Within the EU we are also considering how to respond to the demolition and confiscation of EU-funded structures.
We will continue to provide practical assistance to Palestinians in Area C facing demolition or eviction through our support for Rabbis for Human Rights and the Norwegian Refugee Council legal aid programme.  The NRC has successfully suspended demolitions and evictions so that Palestinians can remain in their homes in 97% of the cases they represent.
Disappointingly, the Minister goes no further than DfID minister Baroness Verma who announced in a written answer on March 2 that “the EU is proposing to reassess their position on seeking compensation from the Israeli Government”.
According to the UN, the Israelis had already demolished 120 donor-funded buildings by the beginning of March, more than in the whole of last year, and a good proportion of these must have been funded by the British taxpayer. MEPs have been urging the EU for years to demand compensation for the destruction of EU-funded buildings on the basis that presenting Israel with a bill for the damage would be far more effective than simply making ‘representations.
Providing the Palestinians with building permits would be a big step forward, but is unlikely to happen unless huge economic pressure is applied to the Israeli government.

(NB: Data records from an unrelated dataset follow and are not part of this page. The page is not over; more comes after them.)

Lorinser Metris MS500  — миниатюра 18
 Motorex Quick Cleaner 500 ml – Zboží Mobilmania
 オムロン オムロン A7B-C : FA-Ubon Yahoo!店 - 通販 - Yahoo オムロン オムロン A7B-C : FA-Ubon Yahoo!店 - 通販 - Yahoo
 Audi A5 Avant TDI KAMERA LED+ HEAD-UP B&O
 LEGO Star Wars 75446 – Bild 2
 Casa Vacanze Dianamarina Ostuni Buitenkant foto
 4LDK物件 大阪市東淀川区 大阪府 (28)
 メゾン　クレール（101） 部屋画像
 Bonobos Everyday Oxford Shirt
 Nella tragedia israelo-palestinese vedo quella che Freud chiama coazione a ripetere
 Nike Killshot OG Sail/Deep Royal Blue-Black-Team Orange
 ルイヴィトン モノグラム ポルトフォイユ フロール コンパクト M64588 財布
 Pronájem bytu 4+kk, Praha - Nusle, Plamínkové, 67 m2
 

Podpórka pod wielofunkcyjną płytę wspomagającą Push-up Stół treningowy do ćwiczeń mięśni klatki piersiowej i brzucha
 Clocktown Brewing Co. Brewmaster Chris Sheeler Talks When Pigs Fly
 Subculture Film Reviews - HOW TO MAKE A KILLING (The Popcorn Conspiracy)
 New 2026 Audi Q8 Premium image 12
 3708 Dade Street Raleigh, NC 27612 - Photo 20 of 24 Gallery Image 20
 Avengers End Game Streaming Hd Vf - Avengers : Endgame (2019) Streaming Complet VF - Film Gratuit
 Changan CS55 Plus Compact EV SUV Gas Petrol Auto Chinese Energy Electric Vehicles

Settler terrorism suspects in court

Palestinians suffer from acts of terrorism by illegal Israeli settlers on an almost daily basis, yet there is much less coverage of these acts of terrorism in the UK media than there is about Palestinian acts of terrorism.
In the last ten years the UN has catalogued 2,598 acts of violence by settlers against Palestinians, yet they rarely end up in court even when there is clear video evidence of settlers committing acts of violence, often with soldiers looking on or even joining in.
Palestinians report the attacks to the police, but over 90% of the complaints lead to no charges. Only when there is an international outcry – as there was in the case of Mohammed Khdair, the 16-year-old boy burned alive, and the Duwabshe family, burned to death in a firebomb attack last year – are the attackers brought to court.
It may be thanks to international pressure that Shin Bet, the Israeli security service, is now pursuing more cases and seven members of an Israeli terrorist group are currently appearing in court in Tel Aviv.
The suspects include an Israeli soldier who lives in a settlement, Yisrael Shendrofi, his brother, and five other settlers, two of whom are unidentified because they are minors.
They were accused of tossing tear gas grenades and firebombs at Palestinian civilians. In one of their attacks in December, two tear-gas grenades were thrown into the home of a Palestinian family in a West Bank village.
The two minors took the grenades, wiped off their fingerprints and put on masks before heading to the village. After making sure the house was occupied, they smashed a window and threw the grenades inside. The head of the family managed to get a baby out of the house in time before it was injured.
In an incident in November, the minors threw stones at a home in a village of and then threw firebombs inside the home . One of the firebombs struck the glass and bounced back outside and the other struck a plastic table in the house. In another attack three of the suspects threw stones at Arab vehicles and set fire to another Palestinian vehicle. In July 2014 they set fire to another vehicle.
The brothers have admitted to committing the crimes for which they have been charged.
According to the indictment, the soldier and two minors, had a crate of ammunition, including grenades, a stun grenade, five M-16 rifle magazines and parts of an M-16 rifle.
In yet another charge the minors and two of the other suspects beat up a 60-year-old Palestinian man with sticks and tear gas.
In 2013, a member of the group is accused of attacking a driver who came to unload a lorry. The soldier has been charged with permitting the minors to use his weapon.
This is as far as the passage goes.